:: The problem ::
What is needed is a word-for-word copy of the lines below from the one with "prepped ingredients in" through the one with "A mechanic inspecting brakes", both included, with every picture left out.

:: Available records ::

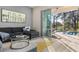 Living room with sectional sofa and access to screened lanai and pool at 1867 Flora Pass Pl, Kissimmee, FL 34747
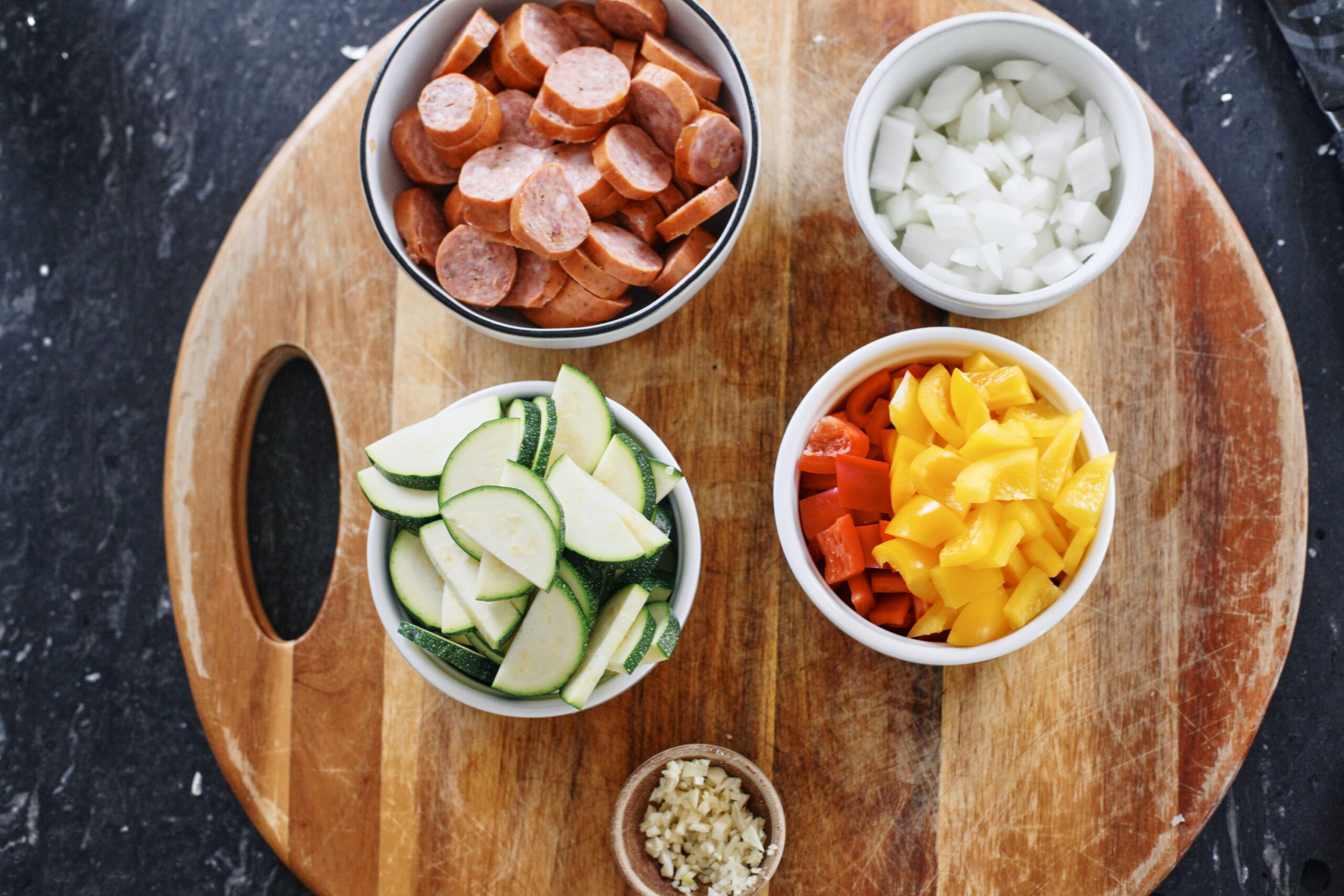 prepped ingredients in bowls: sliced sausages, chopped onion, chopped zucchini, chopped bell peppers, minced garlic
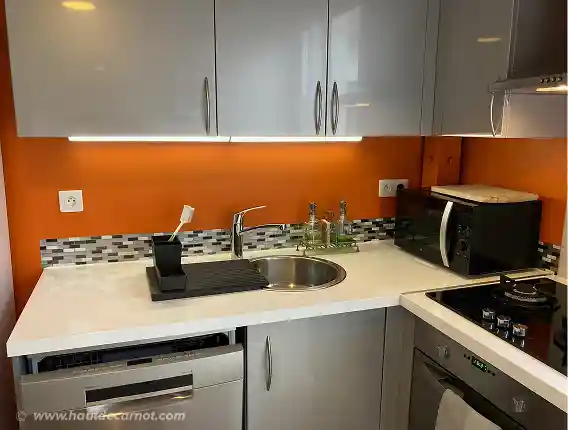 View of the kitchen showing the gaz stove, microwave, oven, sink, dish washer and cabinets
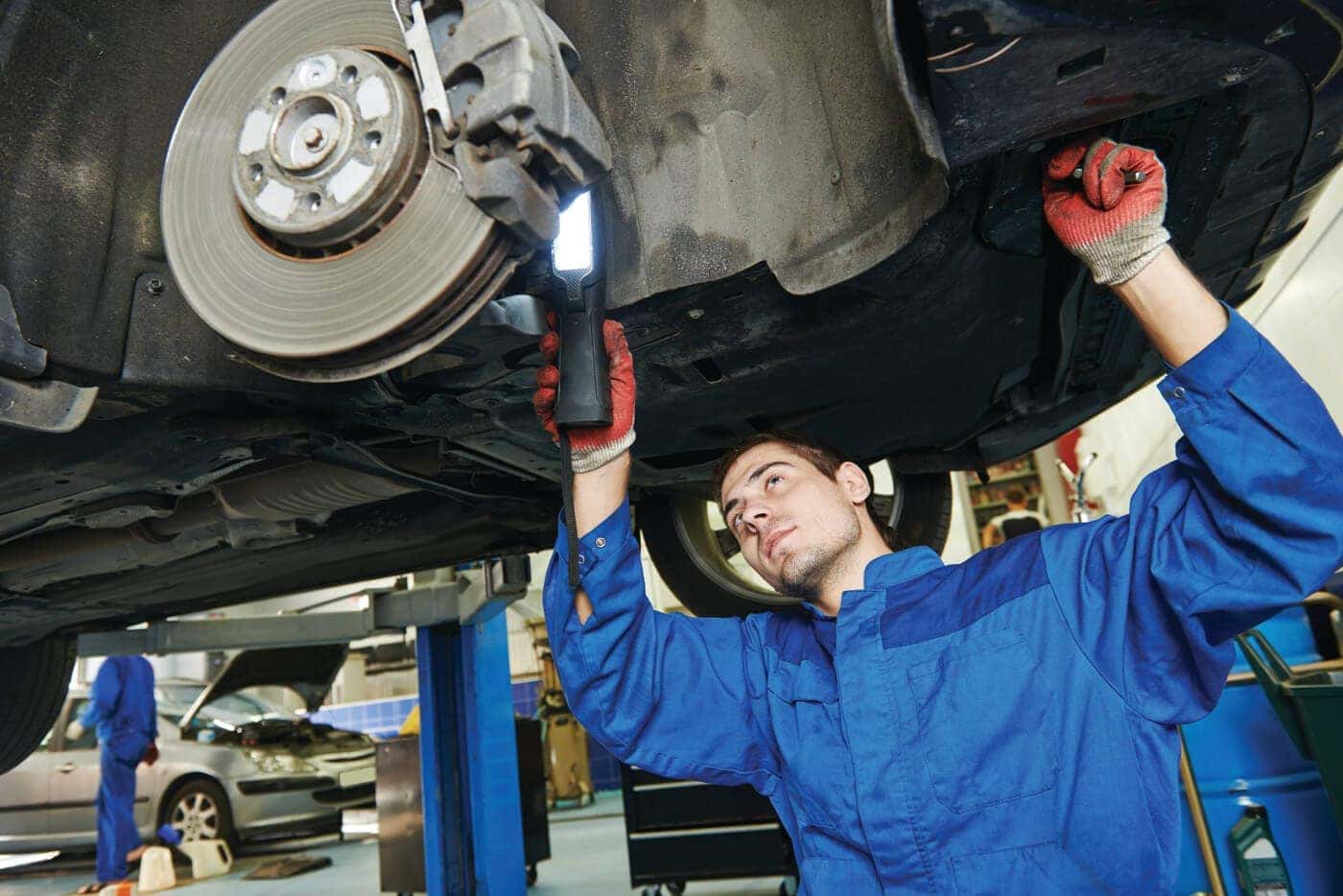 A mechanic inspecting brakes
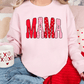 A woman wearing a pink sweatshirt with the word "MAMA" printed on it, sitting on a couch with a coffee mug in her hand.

--

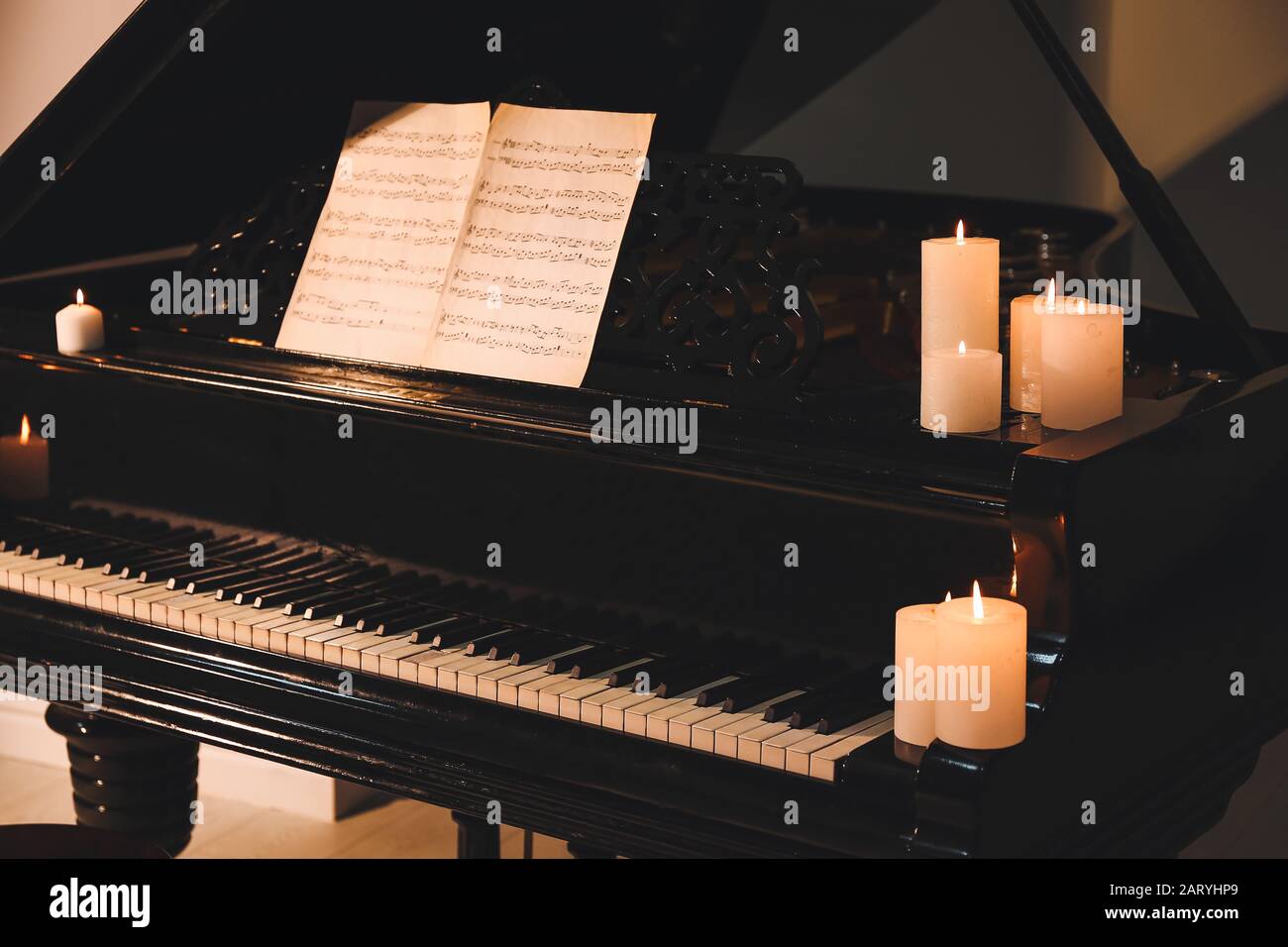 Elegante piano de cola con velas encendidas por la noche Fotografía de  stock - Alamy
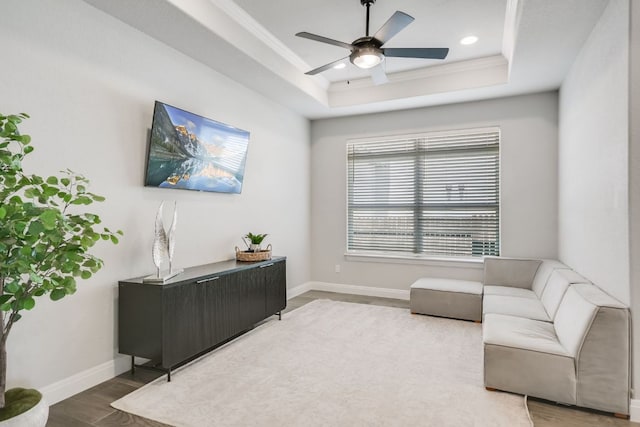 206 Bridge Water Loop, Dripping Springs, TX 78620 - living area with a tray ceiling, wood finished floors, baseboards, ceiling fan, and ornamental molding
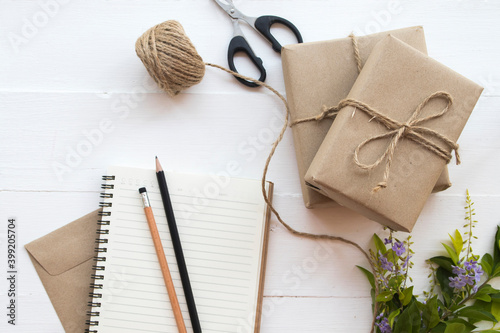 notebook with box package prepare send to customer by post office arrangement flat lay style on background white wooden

:: Task solution ::
 prepped ingredients in bowls: sliced sausages, chopped onion, chopped zucchini, chopped bell peppers, minced garlic
 View of the kitchen showing the gaz stove, microwave, oven, sink, dish washer and cabinets
 A mechanic inspecting brakes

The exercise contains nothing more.